Task statement: In the material below, transcribe every line from the first through the line holding "2023 Volkswagen Passat", exactly, and stop after that line.

Data section:

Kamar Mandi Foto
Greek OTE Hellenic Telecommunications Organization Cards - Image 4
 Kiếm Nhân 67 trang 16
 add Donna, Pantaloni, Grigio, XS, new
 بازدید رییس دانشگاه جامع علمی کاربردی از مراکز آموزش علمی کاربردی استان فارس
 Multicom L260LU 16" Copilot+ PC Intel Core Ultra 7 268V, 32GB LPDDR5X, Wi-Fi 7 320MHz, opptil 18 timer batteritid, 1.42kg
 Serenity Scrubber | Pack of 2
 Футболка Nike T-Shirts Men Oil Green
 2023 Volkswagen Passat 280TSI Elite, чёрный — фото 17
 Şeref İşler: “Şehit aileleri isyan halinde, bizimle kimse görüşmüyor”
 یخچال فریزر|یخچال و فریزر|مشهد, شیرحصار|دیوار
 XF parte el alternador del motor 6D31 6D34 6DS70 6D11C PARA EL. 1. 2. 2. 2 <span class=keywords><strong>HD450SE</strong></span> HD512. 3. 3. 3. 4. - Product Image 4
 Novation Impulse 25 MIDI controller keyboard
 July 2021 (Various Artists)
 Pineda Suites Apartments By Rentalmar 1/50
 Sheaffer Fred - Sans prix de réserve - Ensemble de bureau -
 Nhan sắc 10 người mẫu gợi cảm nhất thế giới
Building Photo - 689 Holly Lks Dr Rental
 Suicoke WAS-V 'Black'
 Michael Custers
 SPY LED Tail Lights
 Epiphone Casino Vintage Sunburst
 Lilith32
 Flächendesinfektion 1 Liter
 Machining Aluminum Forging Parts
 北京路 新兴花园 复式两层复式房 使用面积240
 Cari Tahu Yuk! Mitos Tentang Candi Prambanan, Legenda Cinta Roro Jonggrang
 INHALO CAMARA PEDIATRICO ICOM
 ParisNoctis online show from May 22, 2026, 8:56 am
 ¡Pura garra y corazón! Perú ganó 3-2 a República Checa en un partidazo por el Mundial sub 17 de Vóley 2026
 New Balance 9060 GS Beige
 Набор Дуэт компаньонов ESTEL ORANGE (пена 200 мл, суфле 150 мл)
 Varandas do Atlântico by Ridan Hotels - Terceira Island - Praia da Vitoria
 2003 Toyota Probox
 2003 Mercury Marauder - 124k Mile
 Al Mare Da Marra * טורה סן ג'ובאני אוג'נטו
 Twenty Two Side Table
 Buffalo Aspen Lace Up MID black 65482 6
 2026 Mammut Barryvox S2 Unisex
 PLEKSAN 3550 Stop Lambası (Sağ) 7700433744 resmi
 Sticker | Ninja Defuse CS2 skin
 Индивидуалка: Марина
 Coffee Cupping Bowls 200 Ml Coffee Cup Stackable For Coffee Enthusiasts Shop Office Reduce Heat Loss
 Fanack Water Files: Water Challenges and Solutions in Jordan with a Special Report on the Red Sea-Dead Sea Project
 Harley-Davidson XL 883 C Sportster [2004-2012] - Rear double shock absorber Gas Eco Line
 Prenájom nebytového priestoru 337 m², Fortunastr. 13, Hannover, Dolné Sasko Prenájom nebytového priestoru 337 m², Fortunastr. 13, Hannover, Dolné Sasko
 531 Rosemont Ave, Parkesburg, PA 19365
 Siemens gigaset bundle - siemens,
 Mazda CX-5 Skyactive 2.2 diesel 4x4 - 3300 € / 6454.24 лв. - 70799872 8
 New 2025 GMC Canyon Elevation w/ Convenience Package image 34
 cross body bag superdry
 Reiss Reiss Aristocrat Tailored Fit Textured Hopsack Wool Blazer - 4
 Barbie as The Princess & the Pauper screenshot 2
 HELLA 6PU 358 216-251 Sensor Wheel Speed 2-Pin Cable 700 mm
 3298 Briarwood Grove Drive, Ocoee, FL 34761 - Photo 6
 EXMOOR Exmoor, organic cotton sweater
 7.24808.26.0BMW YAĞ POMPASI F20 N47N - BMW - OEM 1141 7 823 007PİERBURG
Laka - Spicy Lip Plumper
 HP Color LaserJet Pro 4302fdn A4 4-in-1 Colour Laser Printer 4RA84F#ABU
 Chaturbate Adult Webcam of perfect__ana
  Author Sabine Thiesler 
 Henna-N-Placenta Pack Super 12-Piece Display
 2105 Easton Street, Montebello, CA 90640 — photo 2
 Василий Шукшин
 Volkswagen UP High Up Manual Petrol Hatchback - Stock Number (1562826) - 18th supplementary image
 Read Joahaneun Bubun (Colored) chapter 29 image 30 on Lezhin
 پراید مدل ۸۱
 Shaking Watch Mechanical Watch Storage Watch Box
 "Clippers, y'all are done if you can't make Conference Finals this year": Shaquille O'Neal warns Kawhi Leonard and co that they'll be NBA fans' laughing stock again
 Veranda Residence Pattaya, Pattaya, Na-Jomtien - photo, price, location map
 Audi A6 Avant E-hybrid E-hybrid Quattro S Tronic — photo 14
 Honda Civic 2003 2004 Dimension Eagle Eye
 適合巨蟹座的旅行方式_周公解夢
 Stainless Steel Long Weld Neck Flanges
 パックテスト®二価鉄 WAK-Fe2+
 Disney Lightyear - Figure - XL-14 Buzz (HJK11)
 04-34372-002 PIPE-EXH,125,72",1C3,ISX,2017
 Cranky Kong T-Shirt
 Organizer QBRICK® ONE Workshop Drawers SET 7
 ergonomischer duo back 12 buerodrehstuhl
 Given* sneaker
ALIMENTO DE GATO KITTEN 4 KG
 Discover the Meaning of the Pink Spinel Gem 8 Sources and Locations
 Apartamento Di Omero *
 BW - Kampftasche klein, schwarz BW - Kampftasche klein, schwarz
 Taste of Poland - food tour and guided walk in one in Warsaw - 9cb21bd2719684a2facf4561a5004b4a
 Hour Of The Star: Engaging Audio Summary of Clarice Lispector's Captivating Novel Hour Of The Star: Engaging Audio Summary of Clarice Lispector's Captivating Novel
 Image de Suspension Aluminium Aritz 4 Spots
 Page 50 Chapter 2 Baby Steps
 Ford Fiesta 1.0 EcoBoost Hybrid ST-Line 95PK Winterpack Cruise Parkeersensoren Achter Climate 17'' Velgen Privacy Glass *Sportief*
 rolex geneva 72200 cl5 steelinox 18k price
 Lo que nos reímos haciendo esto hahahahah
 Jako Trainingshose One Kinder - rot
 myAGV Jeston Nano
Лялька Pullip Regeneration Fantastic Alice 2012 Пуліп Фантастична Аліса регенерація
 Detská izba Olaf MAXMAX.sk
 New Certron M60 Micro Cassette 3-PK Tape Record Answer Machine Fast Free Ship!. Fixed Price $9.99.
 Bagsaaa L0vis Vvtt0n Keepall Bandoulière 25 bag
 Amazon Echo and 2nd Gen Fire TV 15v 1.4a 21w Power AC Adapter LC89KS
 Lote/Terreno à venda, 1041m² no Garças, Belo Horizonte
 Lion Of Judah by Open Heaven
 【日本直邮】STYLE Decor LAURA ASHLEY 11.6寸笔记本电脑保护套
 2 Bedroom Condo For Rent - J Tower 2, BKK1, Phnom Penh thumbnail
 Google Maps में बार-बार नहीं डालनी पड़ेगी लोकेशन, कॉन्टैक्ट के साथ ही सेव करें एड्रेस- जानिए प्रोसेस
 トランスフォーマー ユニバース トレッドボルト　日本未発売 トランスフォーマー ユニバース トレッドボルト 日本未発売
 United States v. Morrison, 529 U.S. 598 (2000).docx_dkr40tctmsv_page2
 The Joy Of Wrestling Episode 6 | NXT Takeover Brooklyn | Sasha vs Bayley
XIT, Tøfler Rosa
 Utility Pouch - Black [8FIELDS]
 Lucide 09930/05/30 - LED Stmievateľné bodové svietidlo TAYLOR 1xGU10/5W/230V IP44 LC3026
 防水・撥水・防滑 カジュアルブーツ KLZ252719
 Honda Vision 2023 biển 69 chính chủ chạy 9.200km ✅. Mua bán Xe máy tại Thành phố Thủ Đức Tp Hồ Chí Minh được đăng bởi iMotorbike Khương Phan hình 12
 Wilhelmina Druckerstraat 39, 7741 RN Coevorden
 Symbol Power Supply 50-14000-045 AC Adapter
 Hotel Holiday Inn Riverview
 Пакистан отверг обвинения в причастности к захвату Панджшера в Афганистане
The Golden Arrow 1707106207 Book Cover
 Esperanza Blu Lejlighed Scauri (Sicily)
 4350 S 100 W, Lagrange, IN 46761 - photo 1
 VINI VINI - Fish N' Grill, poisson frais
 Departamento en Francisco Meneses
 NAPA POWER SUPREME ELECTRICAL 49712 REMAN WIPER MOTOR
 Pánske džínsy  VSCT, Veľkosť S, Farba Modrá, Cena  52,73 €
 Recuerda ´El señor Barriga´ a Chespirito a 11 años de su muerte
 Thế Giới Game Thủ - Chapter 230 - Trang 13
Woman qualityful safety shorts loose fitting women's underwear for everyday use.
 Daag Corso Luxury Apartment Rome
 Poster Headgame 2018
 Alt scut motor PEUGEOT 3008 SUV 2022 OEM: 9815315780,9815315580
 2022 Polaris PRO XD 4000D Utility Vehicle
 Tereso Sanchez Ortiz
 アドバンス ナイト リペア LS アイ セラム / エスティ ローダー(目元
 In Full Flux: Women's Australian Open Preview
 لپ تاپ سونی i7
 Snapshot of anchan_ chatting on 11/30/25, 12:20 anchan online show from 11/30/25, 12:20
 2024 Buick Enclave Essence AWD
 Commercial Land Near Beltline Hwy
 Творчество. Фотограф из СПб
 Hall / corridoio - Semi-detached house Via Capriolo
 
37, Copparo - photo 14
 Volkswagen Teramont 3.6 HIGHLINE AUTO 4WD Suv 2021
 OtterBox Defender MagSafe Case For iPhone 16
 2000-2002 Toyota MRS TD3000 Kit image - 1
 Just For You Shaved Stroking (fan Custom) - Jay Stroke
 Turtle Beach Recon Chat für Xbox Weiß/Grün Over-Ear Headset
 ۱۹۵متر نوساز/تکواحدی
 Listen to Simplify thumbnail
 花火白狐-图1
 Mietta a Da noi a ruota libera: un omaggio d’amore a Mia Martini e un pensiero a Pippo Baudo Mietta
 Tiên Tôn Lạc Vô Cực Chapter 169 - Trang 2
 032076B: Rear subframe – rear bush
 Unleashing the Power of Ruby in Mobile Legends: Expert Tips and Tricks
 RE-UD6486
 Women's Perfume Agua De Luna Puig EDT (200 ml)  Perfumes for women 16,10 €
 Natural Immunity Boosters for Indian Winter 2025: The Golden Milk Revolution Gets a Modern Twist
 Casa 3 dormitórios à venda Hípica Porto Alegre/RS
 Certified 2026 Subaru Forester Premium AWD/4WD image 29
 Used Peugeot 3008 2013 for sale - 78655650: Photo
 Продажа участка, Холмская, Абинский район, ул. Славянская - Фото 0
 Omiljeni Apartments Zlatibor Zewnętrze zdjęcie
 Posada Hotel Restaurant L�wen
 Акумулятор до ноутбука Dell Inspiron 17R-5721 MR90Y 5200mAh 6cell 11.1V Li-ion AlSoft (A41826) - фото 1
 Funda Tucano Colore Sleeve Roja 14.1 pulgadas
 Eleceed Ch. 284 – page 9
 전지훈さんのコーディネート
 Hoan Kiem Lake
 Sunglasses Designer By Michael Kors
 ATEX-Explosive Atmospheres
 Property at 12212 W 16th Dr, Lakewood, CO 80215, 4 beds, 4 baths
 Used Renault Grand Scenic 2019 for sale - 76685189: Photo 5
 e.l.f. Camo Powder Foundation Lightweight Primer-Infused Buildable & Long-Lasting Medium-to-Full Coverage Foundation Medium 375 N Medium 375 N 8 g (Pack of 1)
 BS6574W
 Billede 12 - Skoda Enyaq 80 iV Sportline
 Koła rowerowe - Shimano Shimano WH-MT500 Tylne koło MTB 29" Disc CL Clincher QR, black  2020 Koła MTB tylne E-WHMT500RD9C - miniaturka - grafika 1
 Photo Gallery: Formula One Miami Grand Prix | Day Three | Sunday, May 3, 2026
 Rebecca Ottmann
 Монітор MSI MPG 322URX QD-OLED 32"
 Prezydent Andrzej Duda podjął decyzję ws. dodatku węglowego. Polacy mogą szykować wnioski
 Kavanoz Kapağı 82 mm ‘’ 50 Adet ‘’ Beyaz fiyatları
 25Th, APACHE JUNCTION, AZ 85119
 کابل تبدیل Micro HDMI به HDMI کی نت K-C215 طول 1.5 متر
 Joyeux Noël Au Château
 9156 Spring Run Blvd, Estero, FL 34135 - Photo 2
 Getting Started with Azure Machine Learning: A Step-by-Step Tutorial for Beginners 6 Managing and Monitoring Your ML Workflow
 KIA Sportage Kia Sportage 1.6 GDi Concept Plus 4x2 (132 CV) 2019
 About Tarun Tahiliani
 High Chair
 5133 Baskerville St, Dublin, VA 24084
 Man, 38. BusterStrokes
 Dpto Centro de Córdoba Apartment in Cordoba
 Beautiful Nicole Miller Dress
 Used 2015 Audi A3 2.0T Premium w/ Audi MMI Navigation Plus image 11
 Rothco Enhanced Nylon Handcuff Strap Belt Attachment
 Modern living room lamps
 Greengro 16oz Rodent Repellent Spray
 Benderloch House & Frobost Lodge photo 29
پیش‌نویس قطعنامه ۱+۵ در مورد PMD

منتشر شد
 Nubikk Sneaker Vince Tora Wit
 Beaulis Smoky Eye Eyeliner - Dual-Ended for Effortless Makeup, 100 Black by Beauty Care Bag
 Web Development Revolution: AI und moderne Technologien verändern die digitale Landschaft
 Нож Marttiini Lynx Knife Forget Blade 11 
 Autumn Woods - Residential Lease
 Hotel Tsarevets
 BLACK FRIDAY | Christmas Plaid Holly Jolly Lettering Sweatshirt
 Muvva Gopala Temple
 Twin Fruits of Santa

Output of the exercise:
Kamar Mandi Foto
Greek OTE Hellenic Telecommunications Organization Cards - Image 4
 Kiếm Nhân 67 trang 16
 add Donna, Pantaloni, Grigio, XS, new
 بازدید رییس دانشگاه جامع علمی کاربردی از مراکز آموزش علمی کاربردی استان فارس
 Multicom L260LU 16" Copilot+ PC Intel Core Ultra 7 268V, 32GB LPDDR5X, Wi-Fi 7 320MHz, opptil 18 timer batteritid, 1.42kg
 Serenity Scrubber | Pack of 2
 Футболка Nike T-Shirts Men Oil Green
 2023 Volkswagen Passat 280TSI Elite, чёрный — фото 17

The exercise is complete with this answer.